複雑・ファジー小説
- 1話 ( No.3 )
- 日時: 2020/12/04 21:29
- 名前: おでん猫 (ID: vzo8adFf)
「……?」
少女───ユネル・シクルットは柔らかい薄緑色の光の中で目覚めた。
(……えっ?あれから私……気を失って、それから……どうなったんだっけ?)
ユネルは、
(此処は何処?)と思い、辺りを見渡そうとするが、何も見えない。
それはまるで霧が視界を覆っているよう。
ただ、ユネルは何故か心が安らいでいるように感じていた。
どこかでこの感覚を感じたことがあるな────と思ったら、気づいた。
森だ。多くの鮮やかな草花が咲き誇り、互いに自分を強調し合っているような森ではなくて、地味でぼんやりとした印象の花が多く、素朴だけれど安らぐような、そんな優しい雰囲気を纏った森。それと感覚が似ていた。

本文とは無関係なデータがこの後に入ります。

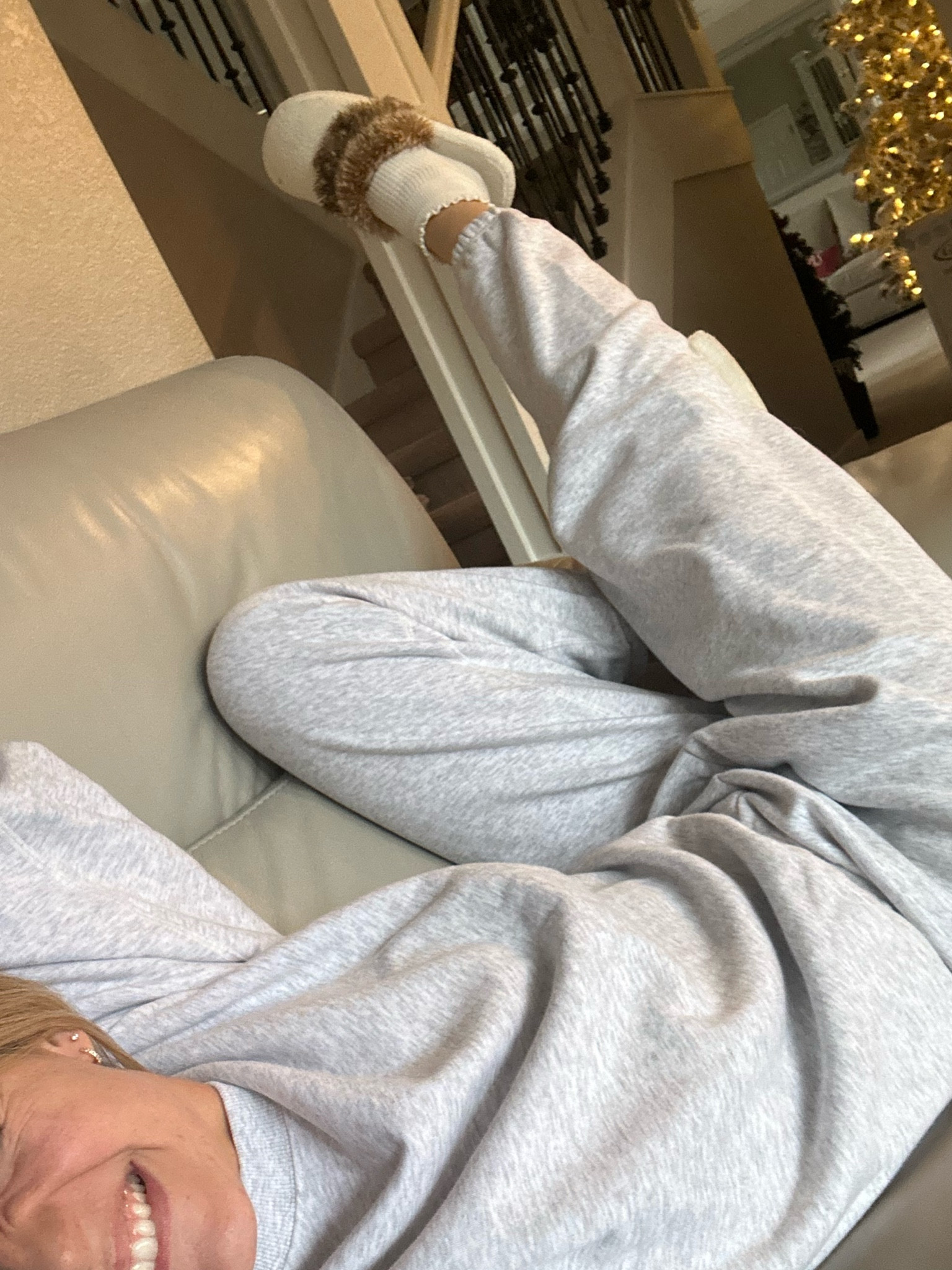 Skims sweatpants and sweatshirt, cozy outfit, sweat set, lazy day outfit, winter outfit, travel outfit, winter style

#LTKstyletip #LTKU #LTKHoliday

どうして森と雰囲気が似ているのかな────なんてことを考えていると、誰かの声が聴こえた。
「キミ、大丈夫?」
その声はユネルが知っている声ではなかった。
聴き取れた限りで理解できたのは、「キミ、大丈夫?」と言っていたことと、自分よりも少し年上くらいの女の子の声、ということ。
「ううん……」
目を覚ますと、目の前には長くてさらさらしてそうなアッシュグレーの髪の少女が立っていた。頭には黒の小さいカチューシャ。リボン付きの可愛らしいブラウス。
「あ、あのっ……」
と口を開きかけたら、少女と薄緑色の光がユネルから遠ざかっていった。
パチン、とガラスでできた玉が割れるようなおとが頭の中で反響したと思ったら、周りはユネルが倒れた森の中だった。
小鳥が囀る音が聴こえる。
空は快晴で、まるで絵の具を『空』というキャンバスに一面塗りたくったかのよう。
「今のはなんだったの……?夢?」
ユネルは少しの間その場から動けなかった。
夢なのかを考えていて気づいたが、これからユネルは何をすればいいのか、ということにはっ、と気づいた。
そして、彼女は考えた結果────
森を抜けた先にある町に行くことに決めた。